On February 21, 2019, CDCR’s trust office submitted plaintiff’s trust account statement 

for the six months preceding the filing of this case. ECF No. 6. That statement revealed that, 

contrary to his representations in his IFP application, plaintiff had received two monetary 

settlements during that period (or one settlement that posted to the account in two chunks), 

posting to the account on September 11, 2018. Id. The first amount, for $2069, was entirely used 

up to pay a restitution fine and other fees owed by plaintiff. Id. The second amount was for 

$4,931. Id. Over the next several months, plaintiff used this money to purchase unknown items1, 

pay phone bills2, and make substantial withdrawals. Significantly, on October 31, 2018, plaintiff 

withdrew $1500 from the trust account. Id. This withdrawal is labeled “phone and legal” on the 

trust account statement, but plaintiff has not provided any further information about it. And, on 

November 15, 2018, plaintiff withdrew $1000 from the account, which the statement labels as 

“attorney.” Id. Again, plaintiff has not elaborated on these withdrawals or any of the other 

expenditures. 

Defendants seek judicial notice of documents from other cases in which plaintiff sought 

IFP status or fee waiver. That request is granted. Fed. R. Evid. 201. The court also grants 

defendants’ request for judicial notice of the inmate trust account statement filed for plaintiff in 

Newsome v. Innis-Burton, et al., E.D. Cal. Case No. 2:19-cv-01862-JAM-DMC, which reveals 

1

 Plaintiff paid the following nontrivial sums for “sales” or to Walkenhorst’s (a company 

that sells products to inmates): (1) $101.30 (sales, September 17, 2018), (2) $118.30 (sales, 

September 17, 2018), (3) $288.79 (Walkenhorst’s, October 10, 2018), (4) $114.40 (sales, October 

16, 2018), (5) $105.45 (sales, October 22, 2018), (6) $194.45 (sales, November 14, 2018), (7) 

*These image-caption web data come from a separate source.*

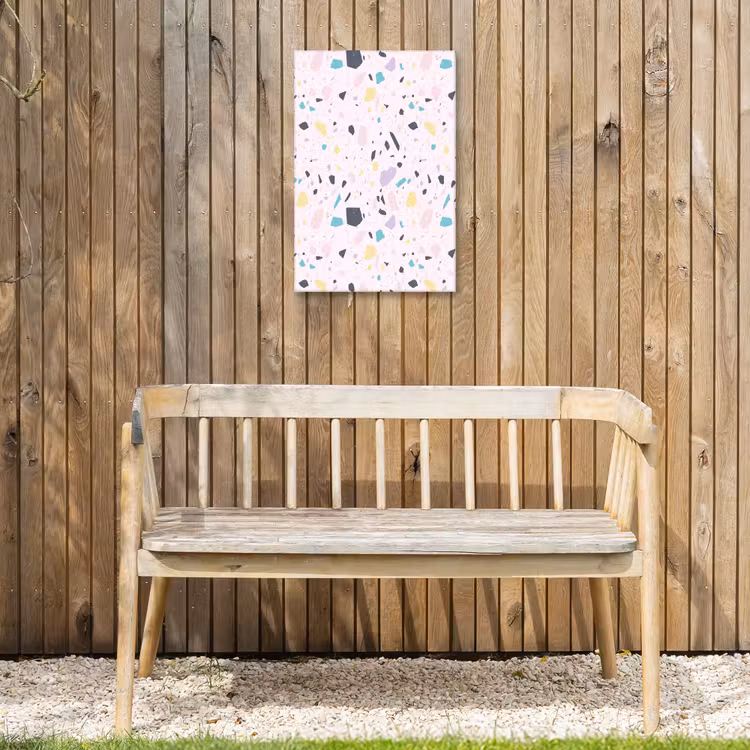 Terrazzo - Patroon - Zacht - Snoep Tuinposter op houten frame 2 cm dik klein 841 -sfeer4
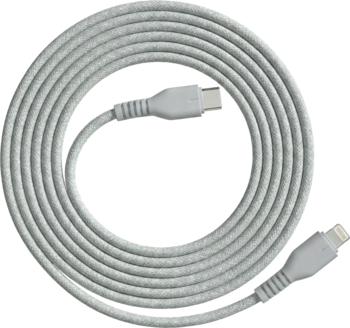 Srebrny, pleciony kabel USB-C na Lightning do ładowania, zwinięty w okrąg, widok z góry.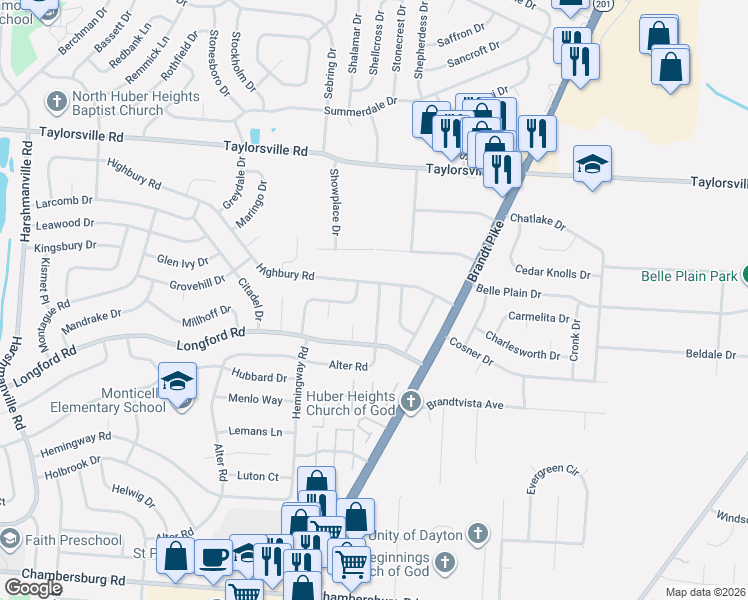 map of restaurants, bars, coffee shops, grocery stores, and more near 6939 Alter Road in Dayton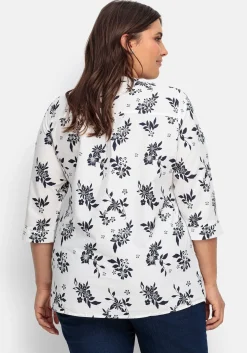 Bluse mit Biesen und Blumenprint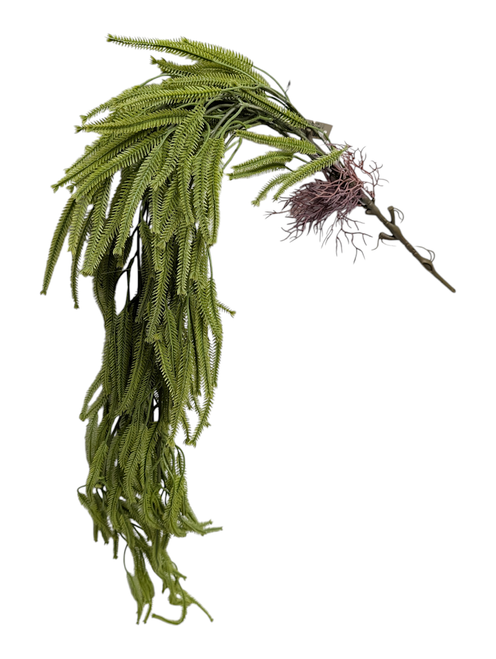 32" Feathered Moss Hanging Bush - Earthy Green with Mauve Accents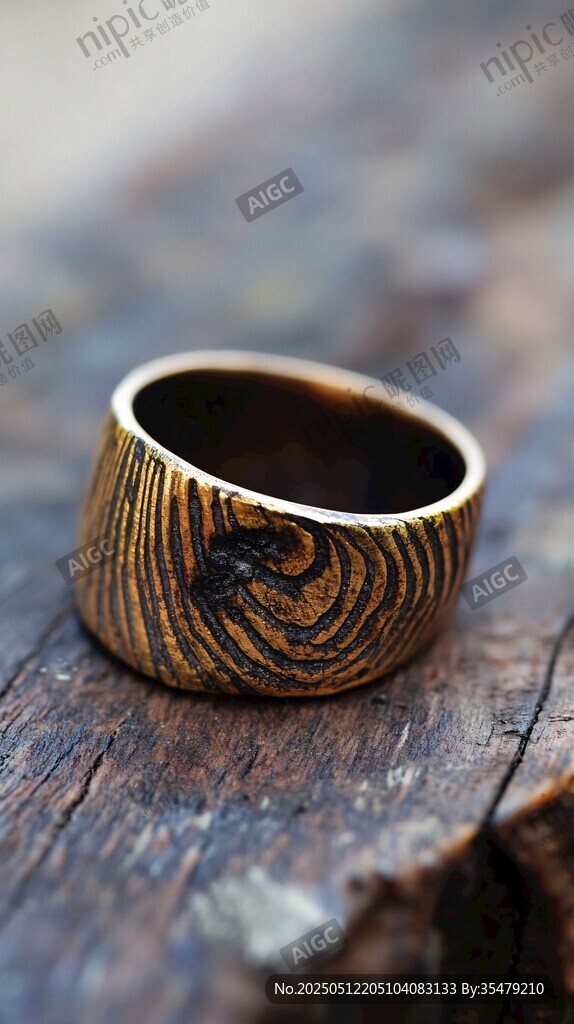 木纹戒指 独特的自然风饰品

71.95 (“SPO withdrawal,” November 15, 2018), (8) $92.80 (sales, November 26, 2018), (9) 

$71.95 (sales, November 27, 2018), (10) $198.75 (sales, December 17, 2018), (11) $219.30 

(sales, January 22, 2019), and (11) $127.90 (sales, February 19, 2019). 

2

 Plaintiff made three payments of $150 for telephone bills during the six months 

preceding the filing of this action.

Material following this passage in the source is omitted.